This was the thesis of the Remonstrant party:
Whomever
God calls to salvation, he calls seriously (serio
vocat), that is, with a sincere and completely unhypocritical intention and
will to save; nor do we assent to the opinion of those who hold that God calls
certain ones externally whom he does not will to call internally, that is, as
truly converted, even before the grace of calling has been rejected.20
What Berkhof assumes, but does not demonstrate,
is that Dort has the same understanding of what it takes for a call to be
serious as the Remonstrants did. It is quite clear, however, that Dort does not
share that view. Dort picks up the Remonstrant language of a serious call but
does not accept their requirements for such a call, namely, that God must
sincerely intend and will to save anyone who receives that call.

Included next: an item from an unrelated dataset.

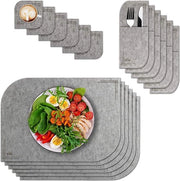 Set di tovagliette lavabili in vilt - 18 pezzi - grigio chiaro - tovagliette per tavola con sottopiede e sacchetti per posate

If the
delegates of the Synod of Dort had intended to do so, they certainly would not
have stopped with the serious call but would have included the intention and
will to save. In fact, Dort rejects the idea that God wills or intends to save
all, as should be clear from Canons
I:6 and 15. What the Canons actually
do in this article is explain how the call can really be serious when, in fact,
God does not intend or will the salvation of the reprobate!
Canons
III/IV:8 consists of three parts. First, this article affirms that those who
are called by the preaching of the gospel are in fact called seriously. This
affirmation is followed by a twofold explanation of how this can be the case.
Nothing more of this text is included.